When used after add_vocabulary(), visualize() charts each document by its length and the number of unique tokens. A figure like this is useful to compare documents by their rate of vocabulary growth.

corpus_dubliners |> 
  add_vocabulary() |> 
  visualize()

Other features, such as type-token ratio (“ttr”), hapax-token ratio (“htr”), or a sampling of hapax legomena (“hapax”) can also be shown.

vocab_dubliners |> 
  visualize("ttr")

corpus_joyce |> 
  add_vocabulary() |> 
  visualize("hapax")

Sentiment

For sentiment analysis, visualize() allows for comparison among documents in a set.

sentiment_dubliners |> 
  visualize()

The ignore parameter stipulates values to remove from the Y-axis to focus a figure.

sentiment_ulysses |> 
  visualize(ignore = c("anger", "anticipation", "disgust", "fear", "trust", "positive", "negative"))

N-grams

For n-grams, visualize() typically returns a network visualization inspired by the bigram network in Text Mining with R.

bigrams_joyce |> 
  visualize()

Combining n-grams

N-gram frequencies can be compared by combining them before visualization. Certain arguments allow for deviation from typical charts, including choosing the rows to chart and modifying colors to be set by values on the Y-axis.

bigrams_joyce |> 
  dplyr::filter(word_1 == "he") |> 
  combine_ngrams() |> 
  visualize(rows = 1:5, color_y = TRUE)

Tf-idf

visualize() returns bars showing the top words for each document. This can be a useful way to differentiate texts in a set from each other. Because tfidf_dubliners was prepared with load_texts(remove_names = TRUE), the resulting chart shows clearer delineation of topics characteristic of the stories in Joyce’s collection:

tfidf_dubliners |> 
  visualize(rows = 1:4)

Changing colors

change_colors() does what its name implies. By default, it adopts the “Dark2” palette from Brewer.

sentiment_dubliners |> 
  visualize() |> 
  change_colors()

Colors can be chosen manually.

library(ggraph)
bigrams_joyce |> 
  visualize(top_n = 60) |> 
  change_colors(c("#999999", 
                  "orange", 
                  "darkred"))

Optionally, use a named vector to set some colors by value instead of by order.

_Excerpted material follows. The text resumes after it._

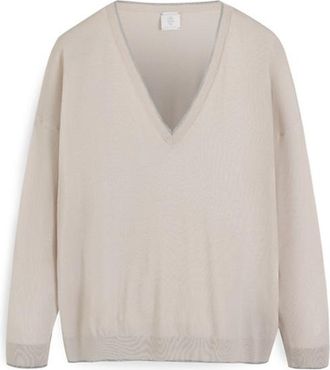 Eleventy Womens Light Beige Relaxed Sweater, Size XS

By default unnamed colors are gray.

bigrams_joyce |> 
  dplyr::filter(word_1 == "he") |> 
  combine_ngrams() |> 
  visualize(rows = 1:5, color_y = TRUE, reorder_y = TRUE) |> 
  change_colors(c(
    "he is" = "darkorange",
    "he has" = "orange"))

Unnamed colors fill in as needed.

bigrams_joyce |> 
  dplyr::filter(word_1 == "he") |> 
  combine_ngrams() |> 
  visualize(rows = 1:5, color_y = TRUE, reorder_y = TRUE) |> 
  change_colors(c(
    "he is" = "darkorange",
    "he has" = "orange", 
    "navy", "skyblue"))

Or choose a predetermined color set and palette, as described in function documentation.

tfidf_dubliners |> 
  visualize(rows = 1:4) |> 
  change_colors(colorset = "viridis", palette = "mako", direction = -1)